Content starts

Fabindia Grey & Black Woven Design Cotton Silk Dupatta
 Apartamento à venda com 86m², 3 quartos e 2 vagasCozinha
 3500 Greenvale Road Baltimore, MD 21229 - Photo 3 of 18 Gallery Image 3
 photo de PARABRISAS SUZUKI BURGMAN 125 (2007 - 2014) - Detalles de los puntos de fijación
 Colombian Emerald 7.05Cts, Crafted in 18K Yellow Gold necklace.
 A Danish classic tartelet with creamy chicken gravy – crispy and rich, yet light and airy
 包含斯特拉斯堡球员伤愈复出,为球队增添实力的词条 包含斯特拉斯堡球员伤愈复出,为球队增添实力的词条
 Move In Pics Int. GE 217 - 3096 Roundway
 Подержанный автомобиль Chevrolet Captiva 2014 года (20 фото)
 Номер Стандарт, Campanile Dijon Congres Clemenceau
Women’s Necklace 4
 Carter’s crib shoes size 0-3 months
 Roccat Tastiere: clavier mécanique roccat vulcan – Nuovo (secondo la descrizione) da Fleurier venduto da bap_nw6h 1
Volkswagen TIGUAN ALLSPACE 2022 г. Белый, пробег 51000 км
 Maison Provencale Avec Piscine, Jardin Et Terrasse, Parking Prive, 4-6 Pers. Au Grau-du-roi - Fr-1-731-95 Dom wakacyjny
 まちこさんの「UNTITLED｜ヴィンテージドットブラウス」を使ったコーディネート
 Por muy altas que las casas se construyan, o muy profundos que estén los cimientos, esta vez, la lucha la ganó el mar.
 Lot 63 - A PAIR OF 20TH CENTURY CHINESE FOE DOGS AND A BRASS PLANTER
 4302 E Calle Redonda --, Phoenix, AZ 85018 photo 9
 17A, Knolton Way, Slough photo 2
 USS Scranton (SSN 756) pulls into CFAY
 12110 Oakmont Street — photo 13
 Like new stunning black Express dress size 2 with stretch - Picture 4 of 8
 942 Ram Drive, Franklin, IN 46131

Content ends

WHAT YOU NEED TO DO – Looking at the entries above, count the lines that contain the string "size", then give the number and nothing else.

WORKED SOLUTION – 2